**GIVEN RECORDS**
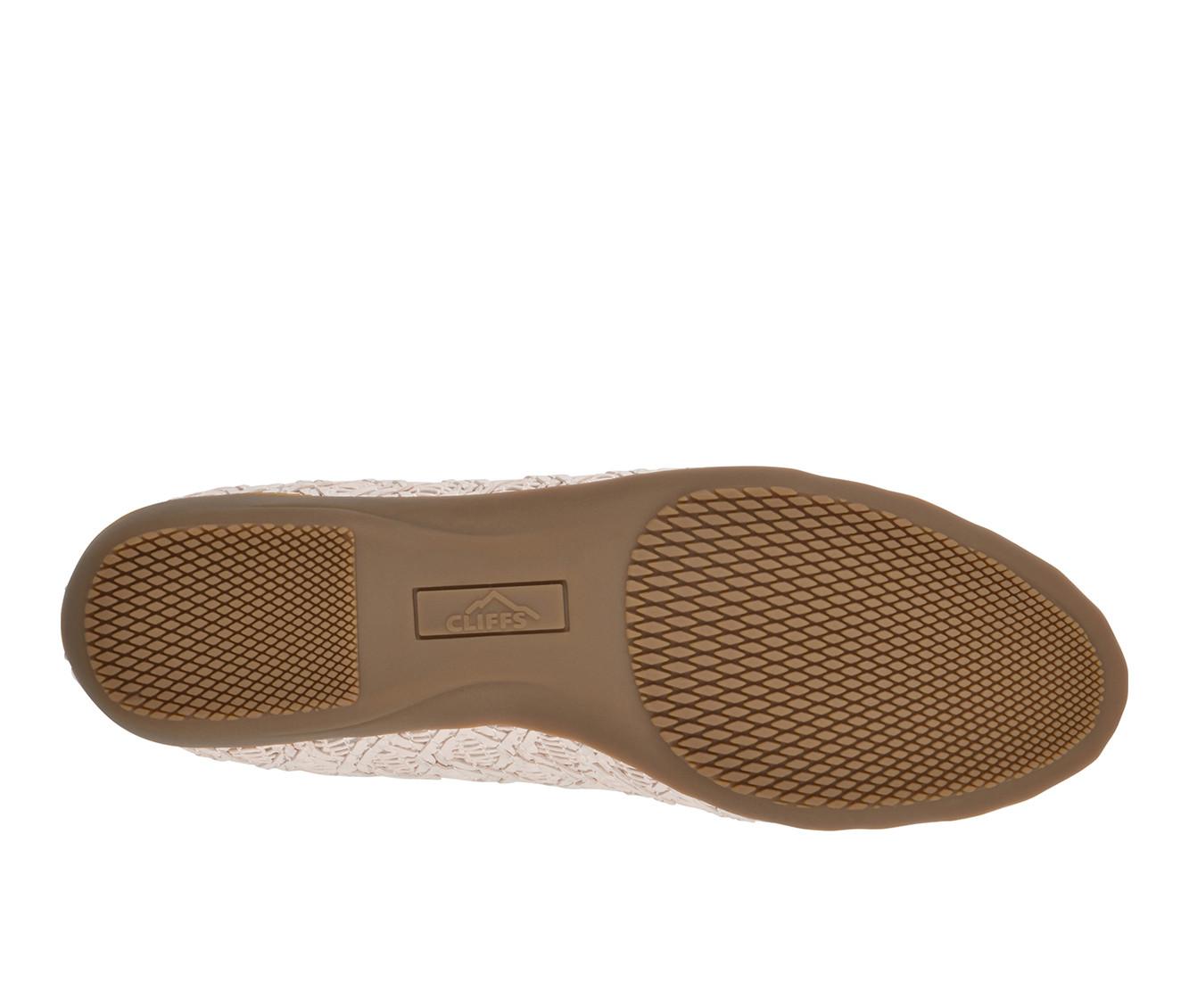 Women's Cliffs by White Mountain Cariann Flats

...

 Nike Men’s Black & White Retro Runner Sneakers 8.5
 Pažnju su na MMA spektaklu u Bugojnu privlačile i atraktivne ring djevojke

* * *

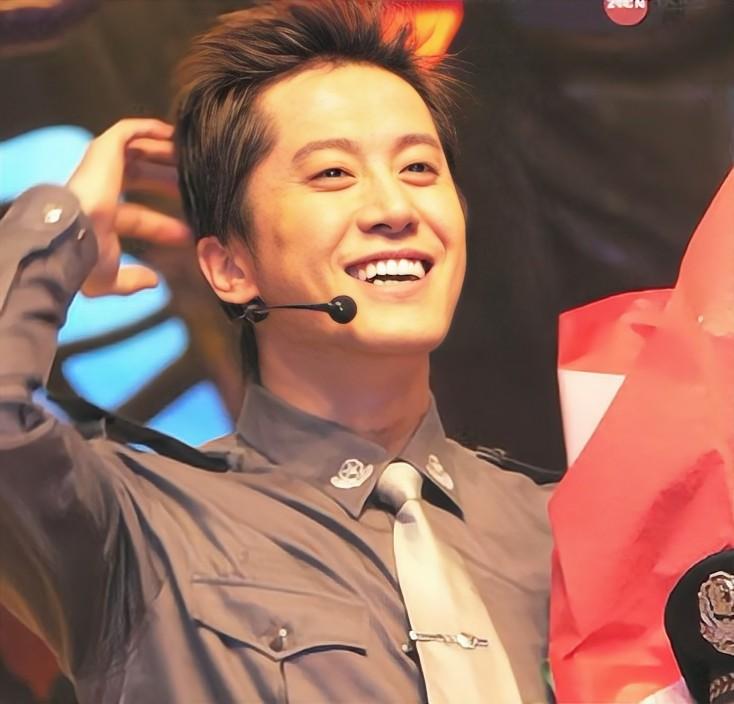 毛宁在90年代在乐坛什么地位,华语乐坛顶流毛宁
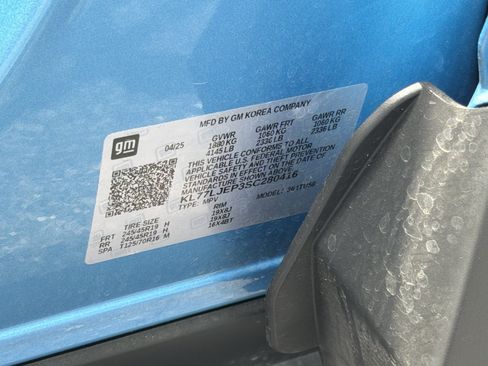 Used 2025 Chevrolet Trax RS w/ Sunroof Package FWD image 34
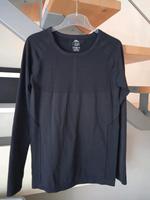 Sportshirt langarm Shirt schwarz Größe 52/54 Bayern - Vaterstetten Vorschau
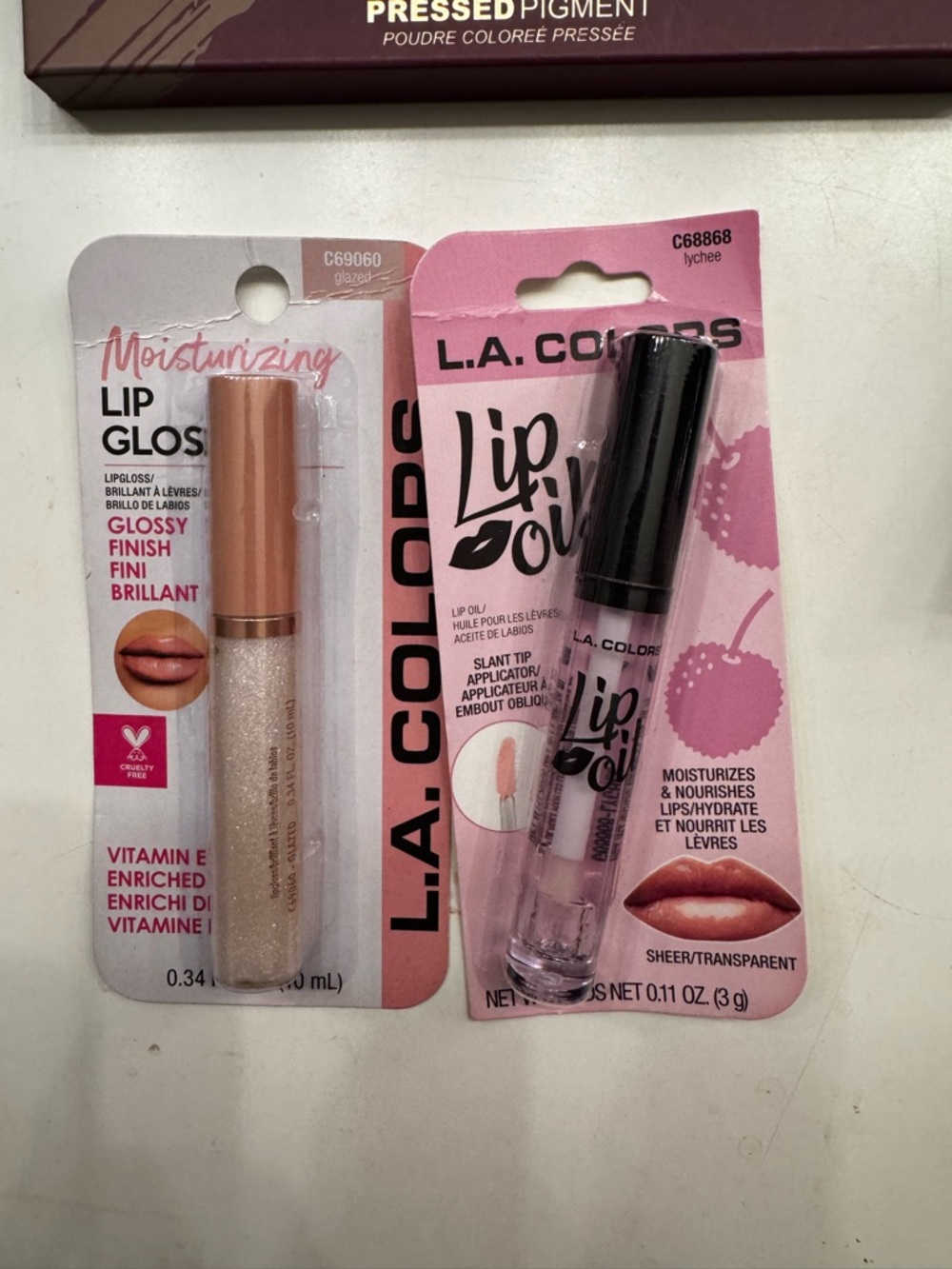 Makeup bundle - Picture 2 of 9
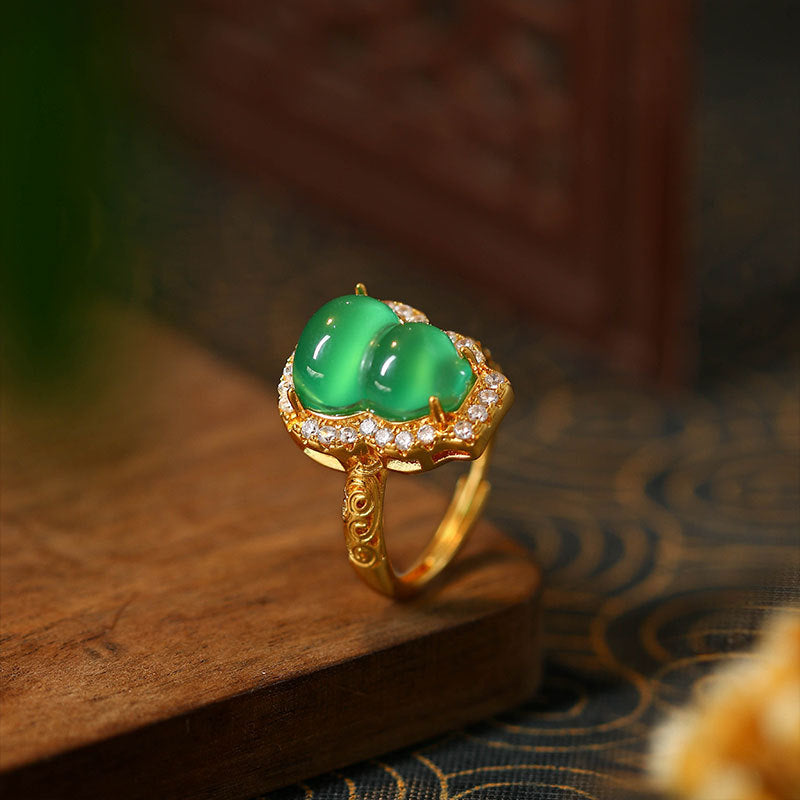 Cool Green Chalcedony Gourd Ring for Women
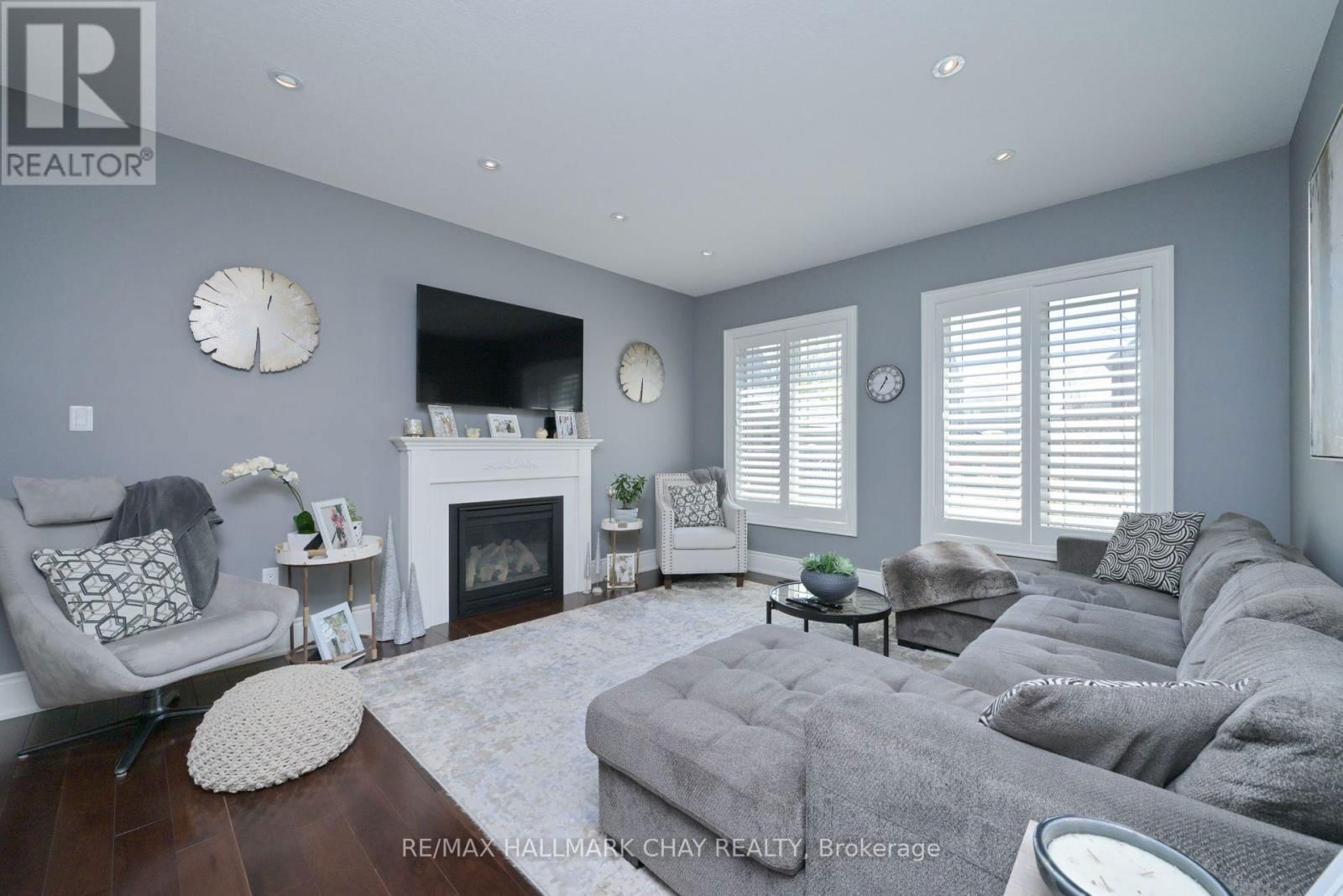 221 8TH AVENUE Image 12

**TASK DESCRIPTION**
Retype only the lines above between the line with "Nike Men’s Black" and the line with "Pažnju su na", counting those two lines as well, and keep every character as it is.

**EXERCISE OUTPUT**
 Nike Men’s Black & White Retro Runner Sneakers 8.5
 Pažnju su na MMA spektaklu u Bugojnu privlačile i atraktivne ring djevojke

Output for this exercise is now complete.